**PROBLEM DESCRIPTION**
Output only an exact transcription of the line containing "EEN VERJAARDAG RONDE STICKER (Voorkant)" and all lines that follow it in the data below.

**DATASET EXTRACT**
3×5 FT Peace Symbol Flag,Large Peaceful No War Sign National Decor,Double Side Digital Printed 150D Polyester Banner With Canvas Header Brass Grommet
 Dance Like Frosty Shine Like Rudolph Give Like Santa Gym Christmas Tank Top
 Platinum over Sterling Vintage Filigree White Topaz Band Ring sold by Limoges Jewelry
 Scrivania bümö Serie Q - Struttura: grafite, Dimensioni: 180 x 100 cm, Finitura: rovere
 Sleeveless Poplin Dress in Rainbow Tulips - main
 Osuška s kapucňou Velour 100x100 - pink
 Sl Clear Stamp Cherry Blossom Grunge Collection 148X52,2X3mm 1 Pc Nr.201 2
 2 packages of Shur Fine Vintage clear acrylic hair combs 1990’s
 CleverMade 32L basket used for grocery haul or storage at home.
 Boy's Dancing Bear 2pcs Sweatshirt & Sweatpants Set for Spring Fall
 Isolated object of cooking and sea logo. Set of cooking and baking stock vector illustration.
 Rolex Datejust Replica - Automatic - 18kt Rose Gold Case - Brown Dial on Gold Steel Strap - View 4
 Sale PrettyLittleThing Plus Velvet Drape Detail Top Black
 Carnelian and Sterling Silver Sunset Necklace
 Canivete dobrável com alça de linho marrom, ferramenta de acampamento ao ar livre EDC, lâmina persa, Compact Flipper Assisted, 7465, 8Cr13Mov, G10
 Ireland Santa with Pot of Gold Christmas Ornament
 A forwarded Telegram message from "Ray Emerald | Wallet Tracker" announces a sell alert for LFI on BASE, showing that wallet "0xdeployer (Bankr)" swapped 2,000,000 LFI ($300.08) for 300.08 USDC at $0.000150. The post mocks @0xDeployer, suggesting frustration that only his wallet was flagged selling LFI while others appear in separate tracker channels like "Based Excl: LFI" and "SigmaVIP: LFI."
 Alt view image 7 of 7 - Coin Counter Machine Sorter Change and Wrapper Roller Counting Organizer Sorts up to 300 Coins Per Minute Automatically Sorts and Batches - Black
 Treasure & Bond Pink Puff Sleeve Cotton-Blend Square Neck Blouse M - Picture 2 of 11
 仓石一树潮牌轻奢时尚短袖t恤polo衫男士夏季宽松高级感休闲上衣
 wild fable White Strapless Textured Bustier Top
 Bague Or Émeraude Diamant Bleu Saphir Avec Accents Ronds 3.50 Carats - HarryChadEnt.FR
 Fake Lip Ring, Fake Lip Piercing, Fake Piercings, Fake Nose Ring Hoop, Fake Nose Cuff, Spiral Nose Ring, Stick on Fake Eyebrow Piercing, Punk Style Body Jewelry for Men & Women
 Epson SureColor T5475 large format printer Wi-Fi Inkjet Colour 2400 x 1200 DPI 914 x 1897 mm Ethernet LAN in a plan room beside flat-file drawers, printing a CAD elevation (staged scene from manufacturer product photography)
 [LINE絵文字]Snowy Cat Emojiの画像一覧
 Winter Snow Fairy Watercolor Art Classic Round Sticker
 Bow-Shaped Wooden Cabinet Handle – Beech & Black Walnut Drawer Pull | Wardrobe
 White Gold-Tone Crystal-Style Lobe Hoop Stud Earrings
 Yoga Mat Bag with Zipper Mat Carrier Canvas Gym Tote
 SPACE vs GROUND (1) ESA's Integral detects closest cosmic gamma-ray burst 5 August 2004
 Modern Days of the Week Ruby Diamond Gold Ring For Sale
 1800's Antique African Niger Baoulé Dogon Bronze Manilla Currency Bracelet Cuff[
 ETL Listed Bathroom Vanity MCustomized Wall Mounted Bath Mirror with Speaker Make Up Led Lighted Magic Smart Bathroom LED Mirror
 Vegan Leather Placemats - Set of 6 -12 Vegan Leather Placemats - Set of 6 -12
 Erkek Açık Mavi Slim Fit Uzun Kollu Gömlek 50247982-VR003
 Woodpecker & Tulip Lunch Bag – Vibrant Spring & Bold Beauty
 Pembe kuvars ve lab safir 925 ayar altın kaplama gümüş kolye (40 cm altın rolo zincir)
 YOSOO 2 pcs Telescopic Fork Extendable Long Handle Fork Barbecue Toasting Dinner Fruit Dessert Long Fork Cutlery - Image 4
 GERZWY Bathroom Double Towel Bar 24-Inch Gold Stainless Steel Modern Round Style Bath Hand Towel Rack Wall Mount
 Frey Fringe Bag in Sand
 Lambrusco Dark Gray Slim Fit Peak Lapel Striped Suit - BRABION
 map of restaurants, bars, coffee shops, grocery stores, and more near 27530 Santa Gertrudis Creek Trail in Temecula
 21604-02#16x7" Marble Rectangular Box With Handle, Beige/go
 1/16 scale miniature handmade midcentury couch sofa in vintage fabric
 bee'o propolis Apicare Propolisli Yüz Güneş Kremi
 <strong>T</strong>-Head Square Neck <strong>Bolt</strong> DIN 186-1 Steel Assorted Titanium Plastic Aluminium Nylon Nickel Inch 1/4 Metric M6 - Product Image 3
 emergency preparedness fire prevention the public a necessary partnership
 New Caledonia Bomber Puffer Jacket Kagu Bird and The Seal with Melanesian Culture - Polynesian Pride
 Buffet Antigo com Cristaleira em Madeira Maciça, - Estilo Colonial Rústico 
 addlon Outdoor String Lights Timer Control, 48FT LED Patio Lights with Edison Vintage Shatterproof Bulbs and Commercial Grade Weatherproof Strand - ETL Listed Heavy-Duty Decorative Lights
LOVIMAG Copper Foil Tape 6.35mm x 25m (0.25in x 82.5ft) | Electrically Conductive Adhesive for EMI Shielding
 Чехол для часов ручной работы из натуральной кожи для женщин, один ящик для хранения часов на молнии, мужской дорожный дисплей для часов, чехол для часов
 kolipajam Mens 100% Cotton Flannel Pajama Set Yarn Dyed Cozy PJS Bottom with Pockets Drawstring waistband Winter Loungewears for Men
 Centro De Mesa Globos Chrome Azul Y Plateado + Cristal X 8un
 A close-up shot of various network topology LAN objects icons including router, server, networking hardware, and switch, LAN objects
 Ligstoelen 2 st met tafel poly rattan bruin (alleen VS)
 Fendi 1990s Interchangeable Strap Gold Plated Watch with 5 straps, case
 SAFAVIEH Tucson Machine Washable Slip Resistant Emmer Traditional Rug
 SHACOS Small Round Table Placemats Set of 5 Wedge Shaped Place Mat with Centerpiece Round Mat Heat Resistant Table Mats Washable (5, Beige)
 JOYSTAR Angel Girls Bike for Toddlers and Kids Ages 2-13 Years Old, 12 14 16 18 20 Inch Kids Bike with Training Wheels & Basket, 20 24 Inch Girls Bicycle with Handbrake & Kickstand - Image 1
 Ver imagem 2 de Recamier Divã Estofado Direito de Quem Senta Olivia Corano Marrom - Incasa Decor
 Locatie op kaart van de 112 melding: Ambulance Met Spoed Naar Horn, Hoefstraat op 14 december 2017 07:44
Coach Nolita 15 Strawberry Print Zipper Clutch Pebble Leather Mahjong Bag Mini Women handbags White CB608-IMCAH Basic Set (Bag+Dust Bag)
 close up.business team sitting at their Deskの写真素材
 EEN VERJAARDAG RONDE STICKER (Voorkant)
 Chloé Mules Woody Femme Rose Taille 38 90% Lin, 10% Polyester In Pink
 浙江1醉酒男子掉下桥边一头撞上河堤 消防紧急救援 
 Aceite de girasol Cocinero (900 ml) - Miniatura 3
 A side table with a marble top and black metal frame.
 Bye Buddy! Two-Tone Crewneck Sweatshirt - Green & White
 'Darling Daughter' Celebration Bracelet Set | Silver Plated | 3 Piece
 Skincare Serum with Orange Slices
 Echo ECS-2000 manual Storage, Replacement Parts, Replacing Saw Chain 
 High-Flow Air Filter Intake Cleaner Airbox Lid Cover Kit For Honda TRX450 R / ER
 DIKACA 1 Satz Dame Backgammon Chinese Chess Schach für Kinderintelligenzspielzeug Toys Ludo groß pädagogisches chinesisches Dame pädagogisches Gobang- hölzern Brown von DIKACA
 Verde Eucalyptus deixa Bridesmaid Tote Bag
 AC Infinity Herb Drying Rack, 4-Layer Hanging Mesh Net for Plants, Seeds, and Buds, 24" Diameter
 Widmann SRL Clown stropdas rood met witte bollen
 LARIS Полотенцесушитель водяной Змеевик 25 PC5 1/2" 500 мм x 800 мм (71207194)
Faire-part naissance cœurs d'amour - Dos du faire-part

**REPLY TO THE EXERCISE**
 EEN VERJAARDAG RONDE STICKER (Voorkant)
 Chloé Mules Woody Femme Rose Taille 38 90% Lin, 10% Polyester In Pink
 浙江1醉酒男子掉下桥边一头撞上河堤 消防紧急救援 
 Aceite de girasol Cocinero (900 ml) - Miniatura 3
 A side table with a marble top and black metal frame.
 Bye Buddy! Two-Tone Crewneck Sweatshirt - Green & White
 'Darling Daughter' Celebration Bracelet Set | Silver Plated | 3 Piece
 Skincare Serum with Orange Slices
 Echo ECS-2000 manual Storage, Replacement Parts, Replacing Saw Chain 
 High-Flow Air Filter Intake Cleaner Airbox Lid Cover Kit For Honda TRX450 R / ER
 DIKACA 1 Satz Dame Backgammon Chinese Chess Schach für Kinderintelligenzspielzeug Toys Ludo groß pädagogisches chinesisches Dame pädagogisches Gobang- hölzern Brown von DIKACA
 Verde Eucalyptus deixa Bridesmaid Tote Bag
 AC Infinity Herb Drying Rack, 4-Layer Hanging Mesh Net for Plants, Seeds, and Buds, 24" Diameter
 Widmann SRL Clown stropdas rood met witte bollen
 LARIS Полотенцесушитель водяной Змеевик 25 PC5 1/2" 500 мм x 800 мм (71207194)
Faire-part naissance cœurs d'amour - Dos du faire-part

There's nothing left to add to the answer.